Problem description –
Give back every record exactly.

Stored data –
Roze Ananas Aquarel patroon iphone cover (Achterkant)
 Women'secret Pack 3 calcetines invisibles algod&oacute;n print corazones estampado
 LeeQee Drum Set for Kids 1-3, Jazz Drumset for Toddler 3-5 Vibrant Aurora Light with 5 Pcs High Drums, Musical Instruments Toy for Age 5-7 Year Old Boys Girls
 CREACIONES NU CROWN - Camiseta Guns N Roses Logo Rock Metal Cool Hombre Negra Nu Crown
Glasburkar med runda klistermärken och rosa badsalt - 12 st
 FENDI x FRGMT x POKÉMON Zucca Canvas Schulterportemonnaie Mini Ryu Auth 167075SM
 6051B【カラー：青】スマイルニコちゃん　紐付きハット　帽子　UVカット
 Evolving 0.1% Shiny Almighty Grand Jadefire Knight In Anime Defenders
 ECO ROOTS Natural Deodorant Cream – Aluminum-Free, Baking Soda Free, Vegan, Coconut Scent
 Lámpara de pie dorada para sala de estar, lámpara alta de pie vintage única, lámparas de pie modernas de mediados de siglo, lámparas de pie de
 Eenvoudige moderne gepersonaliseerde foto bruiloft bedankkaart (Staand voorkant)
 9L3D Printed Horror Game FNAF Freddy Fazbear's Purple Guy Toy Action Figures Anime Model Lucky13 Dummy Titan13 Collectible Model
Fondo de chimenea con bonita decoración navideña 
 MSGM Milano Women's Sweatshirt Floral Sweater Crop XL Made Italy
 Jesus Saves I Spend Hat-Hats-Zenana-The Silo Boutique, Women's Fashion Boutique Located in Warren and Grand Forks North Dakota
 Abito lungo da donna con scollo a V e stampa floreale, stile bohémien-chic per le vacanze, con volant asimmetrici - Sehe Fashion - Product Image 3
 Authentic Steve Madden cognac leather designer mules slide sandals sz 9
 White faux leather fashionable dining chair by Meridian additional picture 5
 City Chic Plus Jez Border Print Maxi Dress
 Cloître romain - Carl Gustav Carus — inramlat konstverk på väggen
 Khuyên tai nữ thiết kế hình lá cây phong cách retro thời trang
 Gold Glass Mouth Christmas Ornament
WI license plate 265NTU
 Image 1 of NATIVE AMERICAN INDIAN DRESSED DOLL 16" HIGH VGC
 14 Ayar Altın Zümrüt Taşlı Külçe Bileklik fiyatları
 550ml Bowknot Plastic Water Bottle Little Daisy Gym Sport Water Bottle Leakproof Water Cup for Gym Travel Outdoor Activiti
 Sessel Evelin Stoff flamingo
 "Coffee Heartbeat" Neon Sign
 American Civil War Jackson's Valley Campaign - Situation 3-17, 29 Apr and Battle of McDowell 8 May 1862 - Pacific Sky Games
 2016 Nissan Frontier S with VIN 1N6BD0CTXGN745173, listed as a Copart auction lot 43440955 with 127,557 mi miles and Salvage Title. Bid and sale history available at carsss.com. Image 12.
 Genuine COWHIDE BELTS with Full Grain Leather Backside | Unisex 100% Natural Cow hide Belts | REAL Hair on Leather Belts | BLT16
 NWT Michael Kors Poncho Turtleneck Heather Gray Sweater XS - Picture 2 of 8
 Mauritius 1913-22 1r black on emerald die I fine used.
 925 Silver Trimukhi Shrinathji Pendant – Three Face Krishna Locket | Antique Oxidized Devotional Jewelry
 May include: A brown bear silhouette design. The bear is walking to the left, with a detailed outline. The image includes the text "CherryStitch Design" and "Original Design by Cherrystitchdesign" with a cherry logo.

Response area –
Roze Ananas Aquarel patroon iphone cover (Achterkant)
 Women'secret Pack 3 calcetines invisibles algod&oacute;n print corazones estampado
 LeeQee Drum Set for Kids 1-3, Jazz Drumset for Toddler 3-5 Vibrant Aurora Light with 5 Pcs High Drums, Musical Instruments Toy for Age 5-7 Year Old Boys Girls
 CREACIONES NU CROWN - Camiseta Guns N Roses Logo Rock Metal Cool Hombre Negra Nu Crown
Glasburkar med runda klistermärken och rosa badsalt - 12 st
 FENDI x FRGMT x POKÉMON Zucca Canvas Schulterportemonnaie Mini Ryu Auth 167075SM
 6051B【カラー：青】スマイルニコちゃん　紐付きハット　帽子　UVカット
 Evolving 0.1% Shiny Almighty Grand Jadefire Knight In Anime Defenders
 ECO ROOTS Natural Deodorant Cream – Aluminum-Free, Baking Soda Free, Vegan, Coconut Scent
 Lámpara de pie dorada para sala de estar, lámpara alta de pie vintage única, lámparas de pie modernas de mediados de siglo, lámparas de pie de
 Eenvoudige moderne gepersonaliseerde foto bruiloft bedankkaart (Staand voorkant)
 9L3D Printed Horror Game FNAF Freddy Fazbear's Purple Guy Toy Action Figures Anime Model Lucky13 Dummy Titan13 Collectible Model
Fondo de chimenea con bonita decoración navideña 
 MSGM Milano Women's Sweatshirt Floral Sweater Crop XL Made Italy
 Jesus Saves I Spend Hat-Hats-Zenana-The Silo Boutique, Women's Fashion Boutique Located in Warren and Grand Forks North Dakota
 Abito lungo da donna con scollo a V e stampa floreale, stile bohémien-chic per le vacanze, con volant asimmetrici - Sehe Fashion - Product Image 3
 Authentic Steve Madden cognac leather designer mules slide sandals sz 9
 White faux leather fashionable dining chair by Meridian additional picture 5
 City Chic Plus Jez Border Print Maxi Dress
 Cloître romain - Carl Gustav Carus — inramlat konstverk på väggen
 Khuyên tai nữ thiết kế hình lá cây phong cách retro thời trang
 Gold Glass Mouth Christmas Ornament
WI license plate 265NTU
 Image 1 of NATIVE AMERICAN INDIAN DRESSED DOLL 16" HIGH VGC
 14 Ayar Altın Zümrüt Taşlı Külçe Bileklik fiyatları
 550ml Bowknot Plastic Water Bottle Little Daisy Gym Sport Water Bottle Leakproof Water Cup for Gym Travel Outdoor Activiti
 Sessel Evelin Stoff flamingo
 "Coffee Heartbeat" Neon Sign
 American Civil War Jackson's Valley Campaign - Situation 3-17, 29 Apr and Battle of McDowell 8 May 1862 - Pacific Sky Games
 2016 Nissan Frontier S with VIN 1N6BD0CTXGN745173, listed as a Copart auction lot 43440955 with 127,557 mi miles and Salvage Title. Bid and sale history available at carsss.com. Image 12.
 Genuine COWHIDE BELTS with Full Grain Leather Backside | Unisex 100% Natural Cow hide Belts | REAL Hair on Leather Belts | BLT16
 NWT Michael Kors Poncho Turtleneck Heather Gray Sweater XS - Picture 2 of 8
 Mauritius 1913-22 1r black on emerald die I fine used.
 925 Silver Trimukhi Shrinathji Pendant – Three Face Krishna Locket | Antique Oxidized Devotional Jewelry
 May include: A brown bear silhouette design. The bear is walking to the left, with a detailed outline. The image includes the text "CherryStitch Design" and "Original Design by Cherrystitchdesign" with a cherry logo.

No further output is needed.